Our library works with the spacial data structure TSDataset. So, before starting, we need to convert the classical DataFrame to TSDataset.

[3]:

df = pd.read_csv("data/example_dataset.csv")
df["timestamp"] = pd.to_datetime(df["timestamp"])
df = TSDataset.to_dataset(df)
ts = TSDataset(df, freq="D")

ts.head(5)

[3]:

segment	segment_a	segment_b	segment_c	segment_d
feature	target	target	target	target
timestamp
2019-01-01	170	102	92	238
2019-01-02	243	123	107	358
2019-01-03	267	130	103	366
2019-01-04	287	138	103	385
2019-01-05	279	137	104	384

Let’s look at the original view of data

[4]:

ts.plot()

../_images/tutorials_custom_transform_and_model_8_0.png

Transform is the manipulation of data to extract new features or update created ones.
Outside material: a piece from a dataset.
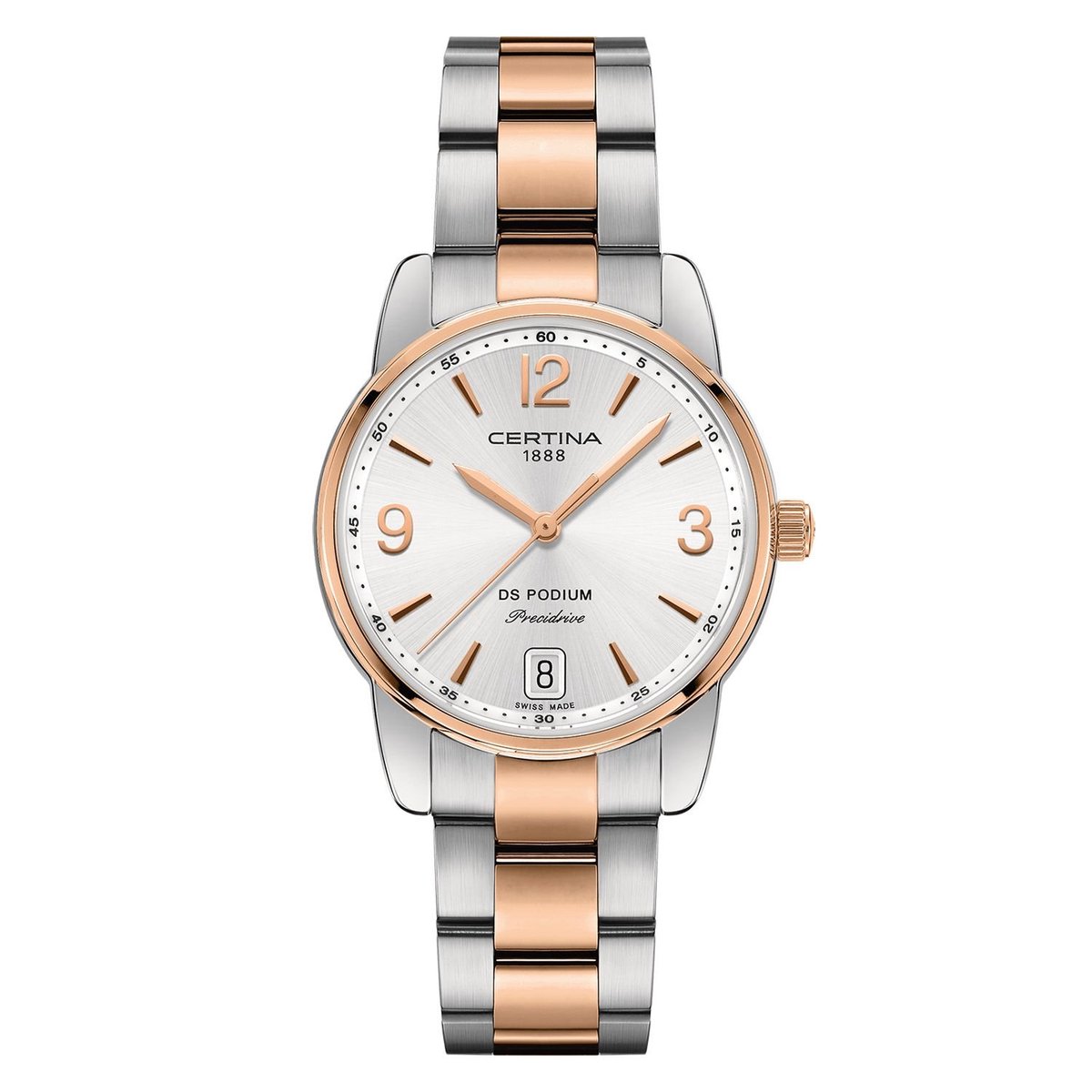 Certina DS Podium Lady 33 mm Horloge Dames Zwitsers Bicolor Rosé C0342102203700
In ETNA, Transforms can change column values or add new ones.

For example:

DateFlagsTransform - adds columns with information about the date (day number, is the day a weekend, etc.) .
LinearTrendTransform - subtracts a linear trend from the series (changes it).

[5]:

dates = DateFlagsTransform(day_number_in_week=True, day_number_in_month=False, out_column="dateflag")
detrend = LinearTrendTransform(in_column="target")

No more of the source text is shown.